Türkiye’nin dört bir yanında, sahipsiz sokak köpekleriyle ilgili yıllardır süregelen sorun yeniden kamuoyunun gündeminde. Ancak bu kez, çözüm olarak tartışmaya açılan öneri, hepimizin vicdanını derinden sarsıyor: Uyutma.
Devletin sunduğu yeni düzenlemeyle birlikte birçok belediye sokak köpeklerini toplamaya başladı bile. Toplanan hayvanların akıbeti belirsiz. Barınaklar zaten taşıyabilecekleri kapasitenin sınırına dayanmış durumda. Peki bu gerçekten çözüm mü?

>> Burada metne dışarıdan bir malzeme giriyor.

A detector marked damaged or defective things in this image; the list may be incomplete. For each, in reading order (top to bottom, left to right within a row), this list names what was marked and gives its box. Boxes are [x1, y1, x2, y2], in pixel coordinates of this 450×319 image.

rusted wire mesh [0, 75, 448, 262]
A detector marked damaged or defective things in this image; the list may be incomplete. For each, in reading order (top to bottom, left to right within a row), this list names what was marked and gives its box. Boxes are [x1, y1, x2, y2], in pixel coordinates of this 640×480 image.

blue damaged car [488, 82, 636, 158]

Hayır. Biz veteriner hekimler, bu yöntemin çözüm olmadığını, aksine daha büyük bir sosyal yara açacağını defalarca söyledik. Çünkü bu sadece sokaktaki hayvanları değil, insanın içindeki merhameti de öldürmek anlamına geliyor.
Oysa yaşatmak mümkün.
Yeter ki bilimin, vicdanın ve iş birliğinin gücünü birlikte kullanalım.
Öldürmek değil, çözüm üretmek zorundayız. İşte insani ve sürdürülebilir yollar:
1. Ulusal Kısırlaştırma Seferberliği Şart
Bilimsel verilere göre, sokak hayvanı nüfusu ancak %70 oranında kısırlaştırma ile kontrol altına alınabilir. Bunun için mobil kısırlaştırma üniteleri devreye sokulmalı; veteriner hekimler, belediye ekipleri ve gönüllülerle ülke çapında bir seferberlik başlatılmalıdır. Üstelik sadece sahipsiz hayvanlar değil; av köpekleri ve kırsalda başıboş dolaşan bekçi köpekleri de bu sürece dahil edilmelidir.

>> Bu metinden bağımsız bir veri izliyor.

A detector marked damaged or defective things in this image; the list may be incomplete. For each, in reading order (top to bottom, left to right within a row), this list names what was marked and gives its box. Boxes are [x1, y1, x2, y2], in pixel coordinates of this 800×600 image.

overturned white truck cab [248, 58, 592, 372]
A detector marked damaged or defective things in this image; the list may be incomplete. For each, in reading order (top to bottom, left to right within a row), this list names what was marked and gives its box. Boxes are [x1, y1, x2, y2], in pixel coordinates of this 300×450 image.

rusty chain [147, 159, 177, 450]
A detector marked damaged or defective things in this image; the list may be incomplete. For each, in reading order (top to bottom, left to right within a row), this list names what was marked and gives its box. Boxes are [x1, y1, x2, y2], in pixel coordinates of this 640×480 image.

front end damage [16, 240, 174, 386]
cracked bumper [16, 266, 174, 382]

2. Teşvikli Sahiplendirme Sistemine Geçilmeli
Mama desteği, vergi indirimi, ücretsiz veterinerlik hizmetleri gibi teşviklerle sahiplendirme özendirilmeli. Her sahiplendirilen can, bir barınağa girmeden kurtarılan can demektir.
3. Barınaklar Yerine Rehabilitasyon Merkezleri
Soğuk kafeslerde yaşam değil, doğaya ve sosyalleşmeye uygun yaşam alanları kurulmalı. Bu merkezler, hayvanlar için bir “son durak” değil, bir “yeniden başlama” noktası olmalı.

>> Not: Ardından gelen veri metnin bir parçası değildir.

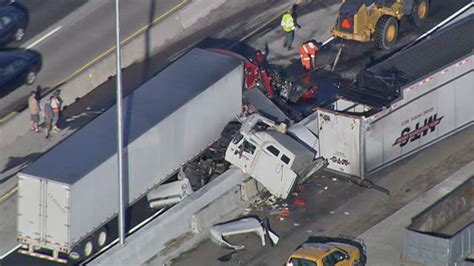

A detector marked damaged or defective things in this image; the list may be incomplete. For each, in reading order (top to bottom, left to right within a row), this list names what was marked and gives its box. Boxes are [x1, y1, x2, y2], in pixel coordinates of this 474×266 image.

crushed truck cab [225, 113, 328, 198]
damaged vehicle [225, 113, 328, 198]
damaged vehicle [209, 217, 280, 250]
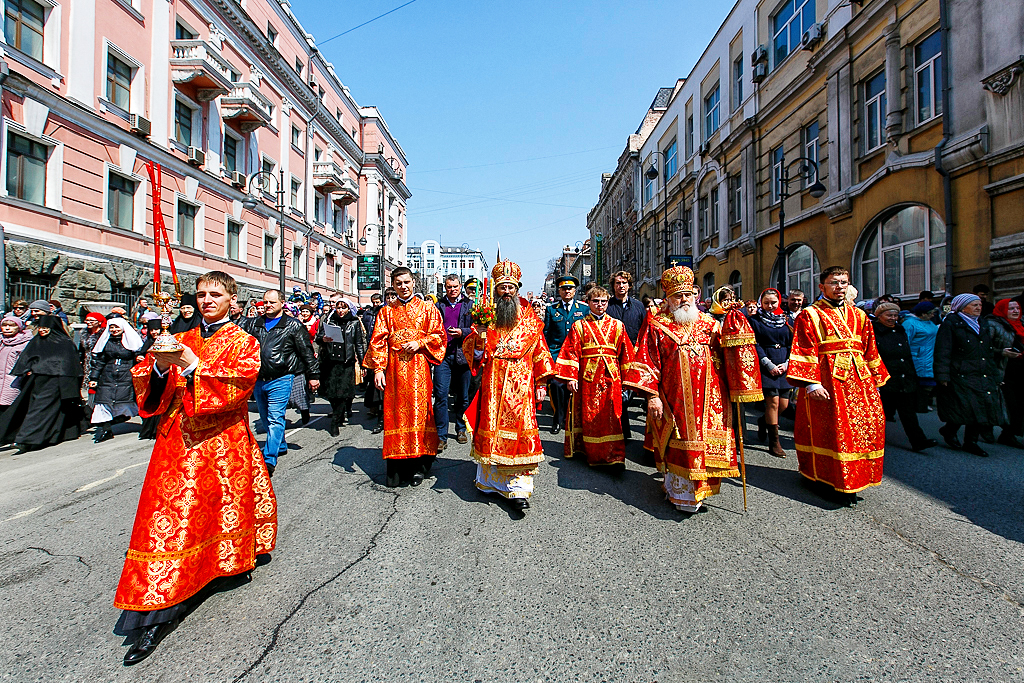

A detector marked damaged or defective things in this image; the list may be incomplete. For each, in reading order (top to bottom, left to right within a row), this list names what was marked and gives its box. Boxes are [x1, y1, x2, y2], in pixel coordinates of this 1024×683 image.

crack in asphalt [25, 544, 92, 577]
crack in asphalt [234, 483, 401, 679]
crack in asphalt [868, 516, 1024, 610]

4. Hayvan Bakım Ehliyeti Getirilmeli
Sahiplenme sorumluluğu eğitime dayandırılmalı. Temel hayvan bakımı ve davranış bilgisi verilerek bireyler bilinçlendirilmeli. Bu eğitimi tamamlayanlara “Hayvan Refahı Sertifikası” verilmeli. Bilinçli sahip, terk etmeyen sahip demektir.
5. Okullarda Hayvan Refahı Eğitimi
Hayvan sevgisi küçük yaşta başlar. İlkokul müfredatına hayvan hakları ve bakımı konusunda temel bilgiler eklenmeli. Bugünün çocuğu, yarının merhametli bireyi olacaktır.
6. Belediyeler + STK’lar + Gönüllüler El Ele
Bu iş yalnızca belediyelere bırakılacak kadar küçük değil. Gönüllüler, veteriner hekimler ve sivil toplum kuruluşlarıyla birlikte yürütülecek planlı ve şeffaf bir sistem kurulmalı. Katılımcı yönetim modeli hem güveni hem çözüm kapasitesini artıracaktır.
Unutmayalım:
Sokak hayvanlarını öldürerek değil, yaşatarak çözeriz.
Merhamet bir toplumun aynasıdır.
Bugün susarsak, yarın vicdanımız konuşmak istese de geç kalmış olabiliriz.
Ses ver. Vicdanınla konuş. Yaşatmak için bir adım at.
Çünkü bu yalnızca hayvanların değil, bizim de insan kalabilme mücadelemizdir.